Help Support Homebrew Talk - Beer, Wine, Mead, & Cider Brewing Discussion Forum:

This site may earn a commission from merchant affiliate links, including eBay, Amazon, and others.

Bernie Brewer

Grouchy Old Fart
Joined
Feb 2, 2006
Messages
7,505
Reaction score
188
Location
Eldorado, WI
Can someone settle a bet for me? My friend claims that mead is considered a type of beer, and I think not. I always thought mead was a category of its own. There's $5 riding on it.........
 
not a beer

Main Entry: beer
Pronunciation: \ˈbir\
Function: noun
Etymology: Middle English ber, from Old English bēor; akin to Old High German bior beer
Date: before 12th century
1 : an alcoholic beverage usually made from malted cereal grain (as barley), flavored with hops, and brewed by slow fermentation
2 : a carbonated nonalcoholic or a fermented slightly alcoholic beverage with flavoring from roots or other plant parts <birch beer>
3 : fermented mash
4 : a drink of beer

http://www.bjcp.org/styles04/mead.html
Mead is made primarily from honey, water and yeast.
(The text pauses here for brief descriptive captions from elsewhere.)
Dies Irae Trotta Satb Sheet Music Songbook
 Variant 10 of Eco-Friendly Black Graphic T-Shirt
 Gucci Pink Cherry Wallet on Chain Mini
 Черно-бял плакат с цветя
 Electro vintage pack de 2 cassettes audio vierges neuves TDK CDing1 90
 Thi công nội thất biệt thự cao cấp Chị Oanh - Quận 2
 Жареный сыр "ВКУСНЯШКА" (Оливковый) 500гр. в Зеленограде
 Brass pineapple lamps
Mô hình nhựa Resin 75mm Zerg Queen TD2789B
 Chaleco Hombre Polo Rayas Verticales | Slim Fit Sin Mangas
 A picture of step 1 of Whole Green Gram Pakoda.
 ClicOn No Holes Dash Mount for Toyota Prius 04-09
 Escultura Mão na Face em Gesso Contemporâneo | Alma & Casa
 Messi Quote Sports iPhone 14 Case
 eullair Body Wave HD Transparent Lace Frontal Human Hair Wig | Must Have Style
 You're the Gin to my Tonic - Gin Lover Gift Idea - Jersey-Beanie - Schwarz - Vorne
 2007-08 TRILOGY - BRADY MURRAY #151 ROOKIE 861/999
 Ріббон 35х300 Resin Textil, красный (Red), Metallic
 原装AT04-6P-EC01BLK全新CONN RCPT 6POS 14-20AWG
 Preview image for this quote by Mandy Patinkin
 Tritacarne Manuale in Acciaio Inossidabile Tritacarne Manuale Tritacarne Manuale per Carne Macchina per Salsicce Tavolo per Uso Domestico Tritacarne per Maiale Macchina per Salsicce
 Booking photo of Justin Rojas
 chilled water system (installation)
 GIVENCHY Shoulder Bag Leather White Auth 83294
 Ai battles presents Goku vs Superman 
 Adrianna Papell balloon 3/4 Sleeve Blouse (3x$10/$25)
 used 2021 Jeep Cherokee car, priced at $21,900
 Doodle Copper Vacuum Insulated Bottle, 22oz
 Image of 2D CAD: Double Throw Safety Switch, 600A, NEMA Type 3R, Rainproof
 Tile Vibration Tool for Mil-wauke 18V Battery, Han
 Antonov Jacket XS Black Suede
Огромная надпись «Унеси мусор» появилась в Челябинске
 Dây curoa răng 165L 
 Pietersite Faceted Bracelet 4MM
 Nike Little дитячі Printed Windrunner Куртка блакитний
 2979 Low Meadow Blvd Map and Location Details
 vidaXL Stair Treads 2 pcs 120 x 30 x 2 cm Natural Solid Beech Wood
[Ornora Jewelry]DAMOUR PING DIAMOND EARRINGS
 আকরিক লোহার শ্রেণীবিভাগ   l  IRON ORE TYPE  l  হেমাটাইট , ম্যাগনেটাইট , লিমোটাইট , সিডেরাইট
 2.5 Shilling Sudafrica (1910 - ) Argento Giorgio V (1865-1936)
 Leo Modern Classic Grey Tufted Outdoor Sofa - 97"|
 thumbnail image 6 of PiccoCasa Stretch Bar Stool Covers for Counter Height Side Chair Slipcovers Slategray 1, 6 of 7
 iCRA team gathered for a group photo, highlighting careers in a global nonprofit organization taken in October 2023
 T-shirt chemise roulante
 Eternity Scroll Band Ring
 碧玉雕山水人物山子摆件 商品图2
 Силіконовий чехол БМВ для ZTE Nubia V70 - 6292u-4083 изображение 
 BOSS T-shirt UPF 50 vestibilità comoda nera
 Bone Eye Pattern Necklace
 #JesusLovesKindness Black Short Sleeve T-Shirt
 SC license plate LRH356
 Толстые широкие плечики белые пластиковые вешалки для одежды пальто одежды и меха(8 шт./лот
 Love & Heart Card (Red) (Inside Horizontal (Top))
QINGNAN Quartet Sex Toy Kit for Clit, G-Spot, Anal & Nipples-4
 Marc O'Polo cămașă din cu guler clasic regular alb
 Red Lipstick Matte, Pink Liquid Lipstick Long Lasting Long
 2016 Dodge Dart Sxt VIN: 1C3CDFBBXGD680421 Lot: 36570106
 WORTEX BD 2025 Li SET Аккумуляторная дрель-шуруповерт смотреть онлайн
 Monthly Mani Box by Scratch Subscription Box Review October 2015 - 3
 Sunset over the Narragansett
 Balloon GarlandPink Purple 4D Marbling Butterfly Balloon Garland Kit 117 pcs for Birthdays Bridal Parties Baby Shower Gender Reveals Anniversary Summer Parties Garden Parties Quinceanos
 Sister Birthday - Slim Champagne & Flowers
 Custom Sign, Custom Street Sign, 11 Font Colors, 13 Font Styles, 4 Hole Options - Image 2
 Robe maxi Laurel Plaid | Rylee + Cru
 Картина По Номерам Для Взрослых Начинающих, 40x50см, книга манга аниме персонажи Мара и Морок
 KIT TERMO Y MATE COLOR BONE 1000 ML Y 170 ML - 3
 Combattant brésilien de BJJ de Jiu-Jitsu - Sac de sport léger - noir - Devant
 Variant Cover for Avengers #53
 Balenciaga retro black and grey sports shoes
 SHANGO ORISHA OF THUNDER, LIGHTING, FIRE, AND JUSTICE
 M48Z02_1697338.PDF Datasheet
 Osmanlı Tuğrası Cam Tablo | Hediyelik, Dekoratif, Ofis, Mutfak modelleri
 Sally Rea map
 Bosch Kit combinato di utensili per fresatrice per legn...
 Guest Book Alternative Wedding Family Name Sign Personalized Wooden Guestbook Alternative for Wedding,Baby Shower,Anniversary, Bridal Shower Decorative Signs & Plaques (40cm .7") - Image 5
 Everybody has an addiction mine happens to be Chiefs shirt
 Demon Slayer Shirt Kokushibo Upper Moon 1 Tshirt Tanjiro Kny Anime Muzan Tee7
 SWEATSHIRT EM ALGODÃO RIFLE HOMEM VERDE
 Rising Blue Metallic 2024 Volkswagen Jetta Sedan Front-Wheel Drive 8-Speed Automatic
Some minor adjustments in acidity and tannin can be made with citrus fruits, tea, chemicals, or the use of oak aging; however, these additives should not be readily discernable in flavor or aroma. Yeast nutrients may be used but should not be detected. If citrus, tea, or oak additives result in flavor components above a low, background, balance-adjusting level, the resulting mead should be entered appropriately (e.g., as a metheglin or open category mead, not a traditional).

olllllo said:
No Hops.
No Malt.
No Dice.

Hops while appreciated by many isnt a requirement
 
Mead is most assuredly NOT a type of beer. According to the book "Designing Great Beers", the generally accepted limit for the amount of honey which can be fermented while still being "beer" is 30%. Anything above that is generally recognized as a type of mead. But the percentage isn't the important thing, the important thing is that there is a recognition that there is a difference between mead and beer. They are clearly, therefore, different things as far as that author is concerned and I've never heard or read any author suggest anything to the contrary.

Now, they are both fermented beverages, if that's what he means. But if that's his definition of "beer" then wine is beer too.